▸ **ABOUT THIS EXERCISE**
The response must contain every record, repeated exactly.

▸ **MATERIAL FOR THE TASK**
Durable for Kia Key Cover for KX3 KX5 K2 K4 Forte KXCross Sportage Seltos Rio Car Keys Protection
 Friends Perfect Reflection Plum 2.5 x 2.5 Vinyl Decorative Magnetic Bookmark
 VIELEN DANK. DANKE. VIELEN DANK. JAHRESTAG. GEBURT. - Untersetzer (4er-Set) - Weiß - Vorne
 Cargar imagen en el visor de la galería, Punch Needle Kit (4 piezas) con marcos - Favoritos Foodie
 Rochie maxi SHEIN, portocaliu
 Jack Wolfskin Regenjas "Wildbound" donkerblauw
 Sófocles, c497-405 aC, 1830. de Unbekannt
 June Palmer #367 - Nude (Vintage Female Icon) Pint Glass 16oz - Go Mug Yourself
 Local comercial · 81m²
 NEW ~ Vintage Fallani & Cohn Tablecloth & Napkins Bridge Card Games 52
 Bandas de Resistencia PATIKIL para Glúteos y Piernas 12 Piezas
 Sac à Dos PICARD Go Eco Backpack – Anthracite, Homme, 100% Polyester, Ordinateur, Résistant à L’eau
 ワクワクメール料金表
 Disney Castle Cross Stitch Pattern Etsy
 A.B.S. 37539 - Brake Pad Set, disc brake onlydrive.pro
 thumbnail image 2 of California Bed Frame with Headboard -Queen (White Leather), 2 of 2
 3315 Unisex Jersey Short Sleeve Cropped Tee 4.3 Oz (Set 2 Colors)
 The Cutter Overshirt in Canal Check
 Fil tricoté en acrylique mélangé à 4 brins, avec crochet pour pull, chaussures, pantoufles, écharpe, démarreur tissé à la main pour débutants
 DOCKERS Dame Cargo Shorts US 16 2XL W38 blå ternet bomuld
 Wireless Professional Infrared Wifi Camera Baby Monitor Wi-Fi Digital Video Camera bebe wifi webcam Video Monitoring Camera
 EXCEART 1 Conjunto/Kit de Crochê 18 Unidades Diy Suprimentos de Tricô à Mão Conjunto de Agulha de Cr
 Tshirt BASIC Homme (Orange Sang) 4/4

▸ **COMPLETED EXERCISE**
Durable for Kia Key Cover for KX3 KX5 K2 K4 Forte KXCross Sportage Seltos Rio Car Keys Protection
 Friends Perfect Reflection Plum 2.5 x 2.5 Vinyl Decorative Magnetic Bookmark
 VIELEN DANK. DANKE. VIELEN DANK. JAHRESTAG. GEBURT. - Untersetzer (4er-Set) - Weiß - Vorne
 Cargar imagen en el visor de la galería, Punch Needle Kit (4 piezas) con marcos - Favoritos Foodie
 Rochie maxi SHEIN, portocaliu
 Jack Wolfskin Regenjas "Wildbound" donkerblauw
 Sófocles, c497-405 aC, 1830. de Unbekannt
 June Palmer #367 - Nude (Vintage Female Icon) Pint Glass 16oz - Go Mug Yourself
 Local comercial · 81m²
 NEW ~ Vintage Fallani & Cohn Tablecloth & Napkins Bridge Card Games 52
 Bandas de Resistencia PATIKIL para Glúteos y Piernas 12 Piezas
 Sac à Dos PICARD Go Eco Backpack – Anthracite, Homme, 100% Polyester, Ordinateur, Résistant à L’eau
 ワクワクメール料金表
 Disney Castle Cross Stitch Pattern Etsy
 A.B.S. 37539 - Brake Pad Set, disc brake onlydrive.pro
 thumbnail image 2 of California Bed Frame with Headboard -Queen (White Leather), 2 of 2
 3315 Unisex Jersey Short Sleeve Cropped Tee 4.3 Oz (Set 2 Colors)
 The Cutter Overshirt in Canal Check
 Fil tricoté en acrylique mélangé à 4 brins, avec crochet pour pull, chaussures, pantoufles, écharpe, démarreur tissé à la main pour débutants
 DOCKERS Dame Cargo Shorts US 16 2XL W38 blå ternet bomuld
 Wireless Professional Infrared Wifi Camera Baby Monitor Wi-Fi Digital Video Camera bebe wifi webcam Video Monitoring Camera
 EXCEART 1 Conjunto/Kit de Crochê 18 Unidades Diy Suprimentos de Tricô à Mão Conjunto de Agulha de Cr
 Tshirt BASIC Homme (Orange Sang) 4/4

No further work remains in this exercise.